Returning to Nebraska, he married Ruby Johnson, a Sutherland teacher, on September 27, 1946. They farmed the Brunner home place in Lexington for a year. It was here that Theodore Herman was born on March 25, 1947. They moved to Sutherland operating the Sutherland Apiaries with E.H. Adee before becoming the sole owner. This apiary served the area and surrounding stores with its honey for 35 years. Two more sons were born here, James Oscar Shuler on April 14, 1948 and Ronald Vernon Shuler on September 30, 1950.
Cleo Shuler married Lloyd William Peuppka of Sutherland, a former ranch hand on August 24, 1940. They farmed the Shuler farm and Dennis Arnold Peuppka was born on April 29, 1943, followed by the birth of Karen Ann (Peuppka) Wood on October 20, 1944, in the Sutherland Hospital.
After ranching in the Sandhills they moved to the North Platte area where Lloyd farmed and did carpentry. Lloyd later operated a cleaning service and Cleo was employed as a motel clerk. They were residing in North Platte at the time of Lloyd’s death in 1976. In 1983, Cleo, her daughter, Karen, and two grandchildren moved to Ramona, California.
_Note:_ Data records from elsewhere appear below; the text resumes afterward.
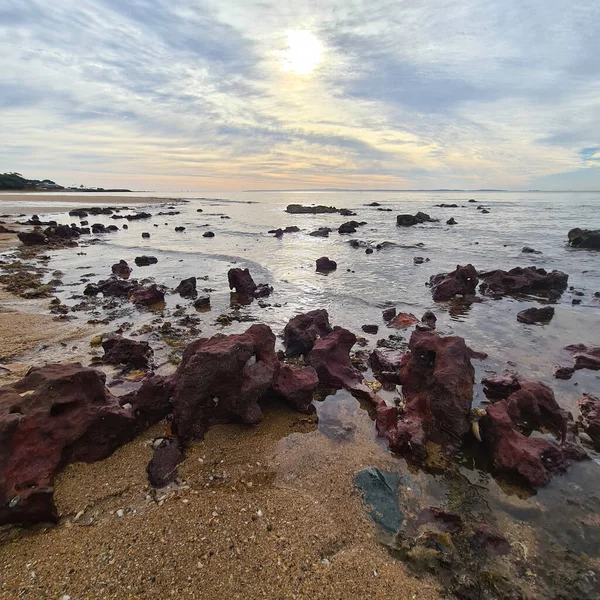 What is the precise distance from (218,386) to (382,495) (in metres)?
2.45

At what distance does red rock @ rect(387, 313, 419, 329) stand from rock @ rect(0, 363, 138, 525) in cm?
683

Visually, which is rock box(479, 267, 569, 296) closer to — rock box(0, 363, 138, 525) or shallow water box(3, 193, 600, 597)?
shallow water box(3, 193, 600, 597)

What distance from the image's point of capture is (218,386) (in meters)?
5.27

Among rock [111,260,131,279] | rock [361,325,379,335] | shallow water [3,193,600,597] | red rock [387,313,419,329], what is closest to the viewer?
shallow water [3,193,600,597]

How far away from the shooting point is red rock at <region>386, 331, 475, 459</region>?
201 inches

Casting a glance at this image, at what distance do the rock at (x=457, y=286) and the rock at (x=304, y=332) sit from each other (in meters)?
5.63

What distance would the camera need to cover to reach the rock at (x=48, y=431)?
3.71m

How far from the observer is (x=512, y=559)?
3.55m

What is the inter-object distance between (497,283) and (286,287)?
7.67 meters

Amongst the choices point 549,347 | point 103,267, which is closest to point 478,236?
point 549,347

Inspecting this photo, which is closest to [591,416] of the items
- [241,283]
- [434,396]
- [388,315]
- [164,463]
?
[434,396]

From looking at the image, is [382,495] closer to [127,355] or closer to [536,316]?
[127,355]

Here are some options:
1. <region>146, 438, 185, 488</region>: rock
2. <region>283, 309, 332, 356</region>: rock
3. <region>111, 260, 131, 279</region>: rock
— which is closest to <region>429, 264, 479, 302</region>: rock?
<region>283, 309, 332, 356</region>: rock

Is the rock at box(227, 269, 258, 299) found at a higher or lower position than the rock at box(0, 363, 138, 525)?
lower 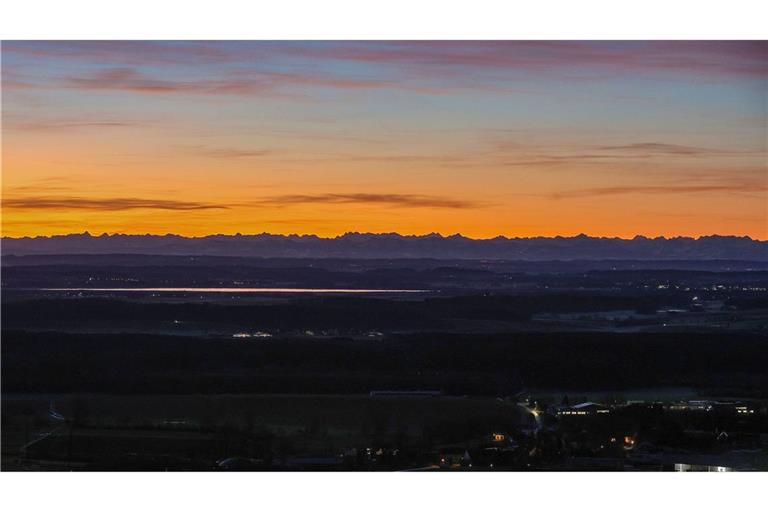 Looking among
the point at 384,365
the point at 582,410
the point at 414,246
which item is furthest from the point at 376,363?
the point at 582,410

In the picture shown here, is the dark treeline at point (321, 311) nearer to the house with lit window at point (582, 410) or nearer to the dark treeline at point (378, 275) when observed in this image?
the dark treeline at point (378, 275)

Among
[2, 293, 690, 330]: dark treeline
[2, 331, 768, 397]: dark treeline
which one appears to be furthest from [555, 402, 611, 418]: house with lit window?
[2, 293, 690, 330]: dark treeline

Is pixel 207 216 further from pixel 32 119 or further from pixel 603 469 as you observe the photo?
pixel 603 469

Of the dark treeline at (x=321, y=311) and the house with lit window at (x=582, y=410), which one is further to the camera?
the dark treeline at (x=321, y=311)

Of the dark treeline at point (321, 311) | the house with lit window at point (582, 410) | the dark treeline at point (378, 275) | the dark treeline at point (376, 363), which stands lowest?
the house with lit window at point (582, 410)

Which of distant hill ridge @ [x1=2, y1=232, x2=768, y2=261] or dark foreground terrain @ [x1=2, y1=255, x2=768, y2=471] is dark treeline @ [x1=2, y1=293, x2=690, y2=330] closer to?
dark foreground terrain @ [x1=2, y1=255, x2=768, y2=471]

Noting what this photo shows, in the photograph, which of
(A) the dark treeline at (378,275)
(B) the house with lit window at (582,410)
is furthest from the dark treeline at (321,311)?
(B) the house with lit window at (582,410) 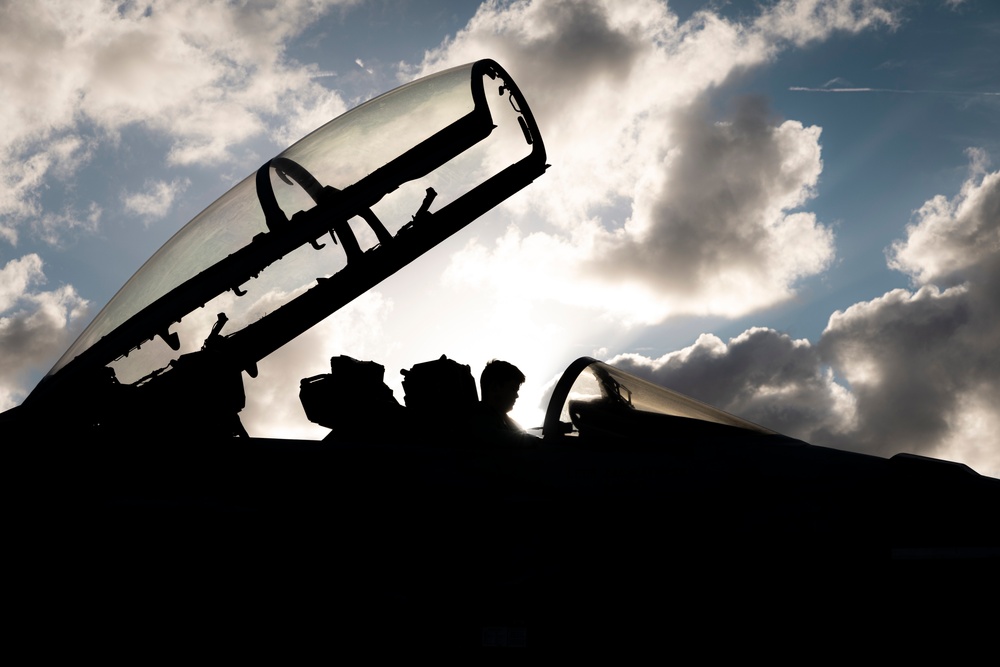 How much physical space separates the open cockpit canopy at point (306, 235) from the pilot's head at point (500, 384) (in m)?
0.93

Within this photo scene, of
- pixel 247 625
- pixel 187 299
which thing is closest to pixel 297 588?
pixel 247 625

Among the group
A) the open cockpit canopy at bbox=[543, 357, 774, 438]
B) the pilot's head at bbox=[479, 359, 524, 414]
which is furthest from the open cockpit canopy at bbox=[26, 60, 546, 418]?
the open cockpit canopy at bbox=[543, 357, 774, 438]

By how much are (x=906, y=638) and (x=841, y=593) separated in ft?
1.01

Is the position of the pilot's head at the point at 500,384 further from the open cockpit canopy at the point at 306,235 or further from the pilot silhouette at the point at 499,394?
the open cockpit canopy at the point at 306,235

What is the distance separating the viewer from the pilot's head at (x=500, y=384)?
501cm

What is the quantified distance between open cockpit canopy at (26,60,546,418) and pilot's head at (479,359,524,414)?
36.4 inches

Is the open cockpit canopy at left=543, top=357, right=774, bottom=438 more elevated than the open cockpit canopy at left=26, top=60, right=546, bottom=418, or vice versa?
the open cockpit canopy at left=26, top=60, right=546, bottom=418

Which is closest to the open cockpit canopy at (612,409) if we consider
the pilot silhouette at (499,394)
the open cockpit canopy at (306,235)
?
the pilot silhouette at (499,394)

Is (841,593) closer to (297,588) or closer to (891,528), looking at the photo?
(891,528)

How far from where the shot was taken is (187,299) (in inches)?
162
Merna Shuler married Raymond Edward Branting, April 3, 1940. They lived first in North Platte, then Cheyenne and Denver where they both worked in World War II defense plants. They returned to North Platte to remain where Ray was employed by Union Pacific Railroad until his retirement.
Claretta Shuler left Sutherland in 1945 after graduation for a short stay in Denver, returning to North Platte where her mother, Nora Shuler, then resided. She clerked in O’Conner’s Dime Store a few months before leaving for employment with United and TWA airlines in New York. On October 30, 1948, she married Peter P. Laboranti, later moving to Garden City, Long Island, New York, where Darla Marie was born January 19, 1959. In 1983, Claretta and Pete moved to Poway, California, where Pete retired after forty years of service with United Airlines.